What Social Science Does—and Doesn’t—Know: Our scientific ignorance of the human condition remains profound.
Here's the conclusion of the article:
Experiments are surely changing the way we conduct social science. The number of experiments reported in major social-science journals is growing rapidly across education, criminology, political science, economics, and other areas. In academic economics, several recent Nobel Prizes have been awarded to laboratory experimentalists, and leading indicators of future Nobelists are rife with researchers focused on RFTs.(HT: Hermonta Godwin)

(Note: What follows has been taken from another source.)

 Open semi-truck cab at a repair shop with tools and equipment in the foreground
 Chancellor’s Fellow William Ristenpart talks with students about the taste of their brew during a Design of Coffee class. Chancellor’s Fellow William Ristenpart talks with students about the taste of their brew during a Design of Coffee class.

It is tempting to argue that we are at the beginning of an experimental revolution in social science that will ultimately lead to unimaginable discoveries. But we should be skeptical of that argument. The experimental revolution is like a huge wave that has lost power as it has moved through topics of increasing complexity. Physics was entirely transformed. Therapeutic biology had higher causal density, but it could often rely on the assumption of uniform biological response to generalize findings reliably from randomized trials. The even higher causal densities in social sciences make generalization from even properly randomized experiments hazardous. It would likely require the reduction of social science to biology to accomplish a true revolution in our understanding of human society—and that remains, as yet, beyond the grasp of science.
At the moment, it is certain that we do not have anything remotely approaching a scientific understanding of human society. And the methods of experimental social science are not close to providing one within the foreseeable future. Science may someday allow us to predict human behavior comprehensively and reliably. Until then, we need to keep stumbling forward with trial-and-error learning as best we can.